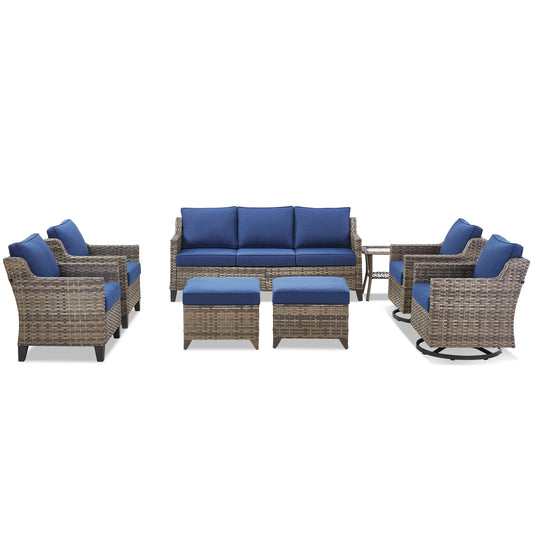 8-Piece Modular Social Set — All-Weather Sectional Sofa with Wicker Swivel Rocker Chairs, FG Series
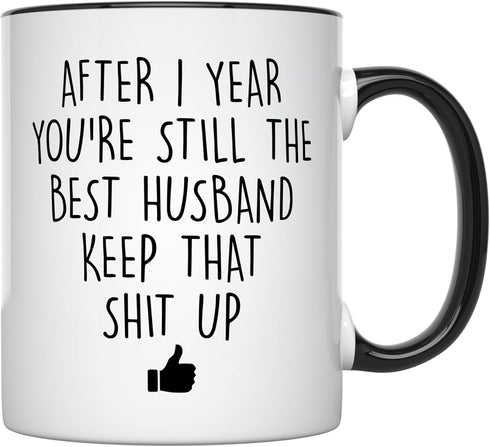 YouNique Designs 1 Year Anniversary Coffee Mug for Him, 11 Ounces, 1st Wedding Anniversary Cup For Husband, One Year, First Year, 1st Year (Black ...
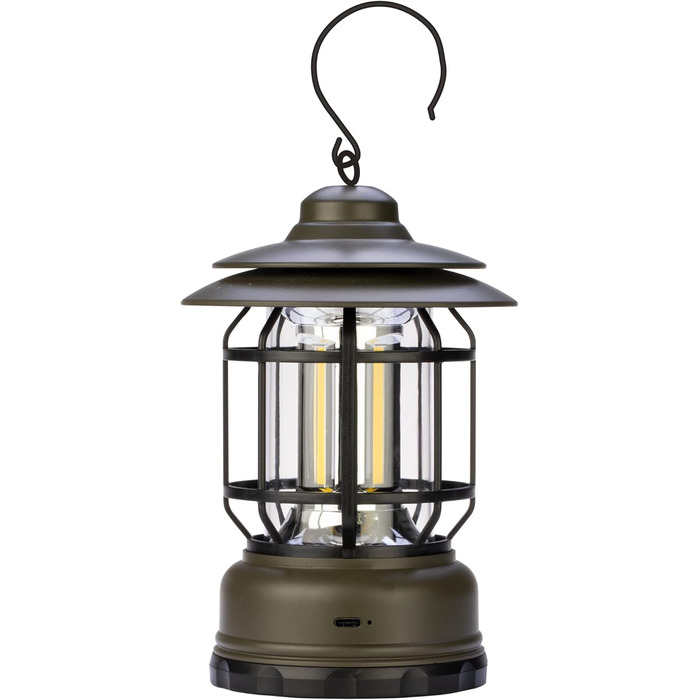 Акумуляторний світлодіодний вуличний ліхтар, ретро-дизайн - Багатоцільовий кемпінговий ліхтар, 300 лм, з регульованою яскравістю - Портативний аварійний ліхтар з гачком для намету - Світлодіодний ліхтар, виготовлений в Італії, 3115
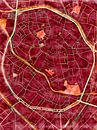 Kaart van Mechelen centrum in de stijl 'Amber Autumn' van Maporia thumbnail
==================================================
◆ **Work to complete**
Everything from the first line of the listing above through the line that contains "YouNique Designs 1" is to be restated word for word, minus the pictures.

◆ **Written response**
 8-Piece Modular Social Set — All-Weather Sectional Sofa with Wicker Swivel Rocker Chairs, FG Series
 YouNique Designs 1 Year Anniversary Coffee Mug for Him, 11 Ounces, 1st Wedding Anniversary Cup For Husband, One Year, First Year, 1st Year (Black ...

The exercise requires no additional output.